Из театра за актерами приехал автобус. Они просторно в нем поместились. Они не везли с собой декораций. Они даже костюмов с собой не везли: и то и другое находилось для их спектакля в любом театре бывшей советской страны. А им непринципиально: они могли играть на любой площадке в своей повседневной одежде.
В Душанбе в мае влажно и солнечно. Уже в аэропорту начинает пахнуть восточным базаром, козьей простоквашей, помноженной на запах женских азиатских тел и волос, заплетенных в тугие бессчетные косы, перехваченные жаркими шерстяными платками.
С высокого неба моросит дождь. Падающие отвесно капли без вмешательства ветра линзами преувеличивают окружающий мир. Актер занимает место около водителя. Водяные узоры на треснувшем, нечистом лобовом стекле. Стекая, капли оставляют мутные борозды. Вдруг взмах крыльев дворников, мгновение – и чисто. И капли снова обреченно летят с неба, собирая в полете тлен материального мира, и падают на землю, чтобы стать невесомыми испарениямии превратиться в облака.

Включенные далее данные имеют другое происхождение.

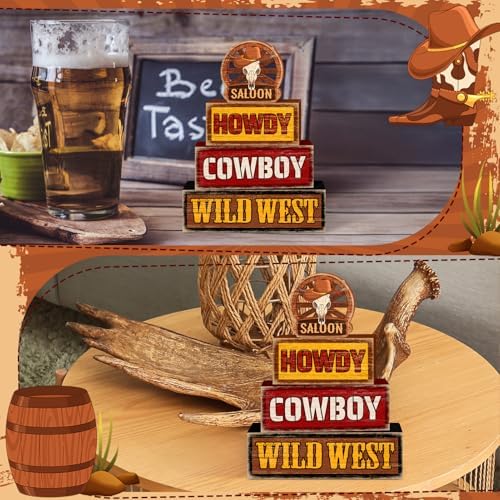 Britimes Cowboy Tiered Tray Decor Set, 4 Pack, Wooden Table Sign, Western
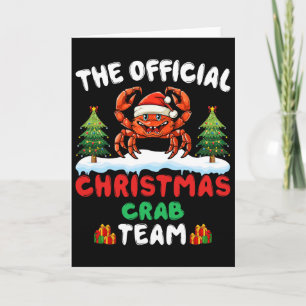 Carte Équipe Crabe de Noël - Crabe portant un chapeau de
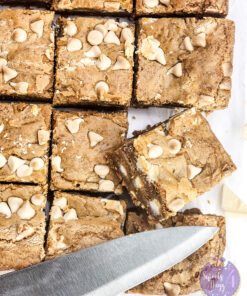 Thick White Chocolate Blondies on White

От аэропорта «Душанбе» тянется через весь город магистраль. Проедешь по ней – увидишь город. Магистраль-стрела, магистраль-вектор с помпезными дворцами в псевдоклассическом стиле по обочинам, с памятниками почему-то все сплошь философам, с небоскребом Душанбе-80, построенном к Олимпиаде, последнему выдоху одряхлевшей империи. С домами, украшенными колоннами, овальными и стрельчатыми арками, барельефами, статуями на фронтонах, – здесь живут и работают русские. Таджики и узбеки уехали в Россию, лишние дома, ненужные в России.
Ближе к центру автобус со всеми его пассажирами завертело в жадной воронке. Встали в пробку – впереди перекрыто, – сегодня 9 Мая, День Победы. Дождь кончился, молчали клаксоны, город молчал, сосредоточенно набирая воздуха в грудь. И где-то далеко выдох – тысячным горлом, криком, лозунгом.

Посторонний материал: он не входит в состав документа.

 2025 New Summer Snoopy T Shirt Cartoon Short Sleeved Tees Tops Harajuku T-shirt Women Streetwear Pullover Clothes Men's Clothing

Актер нетерпеливо крутился в кресле. После дождя в десять минут высохли тротуары, стало душно, казалось, он видел те же капли, только что выпавшие, испаряющимися, летящими обратно, вверх.
– Открой дверь, э… товарищ.
Водитель к нему не повернулся.
– Дышать нечем, открой, слышишь?
Актер придвинулся к водителя, безучастному, отрешенному, не понимающему и не слышащему.
– Адьес амигос, буду к пяти, – предупредил актер режиссера и, ударив в центральное звено передней двери, скособочив ее, мягко просевшую, в гармошку, шагнул из автобуса. Можно снять сейчас репортаж, репортаж продать информагентствам, если уж не получилось с Джей Ло. Можно снять – можно не снять, в принципе, конечно, без разницы, но движение – это жизнь, рассуждал актер, замешиваясь в толпу на тротуаре.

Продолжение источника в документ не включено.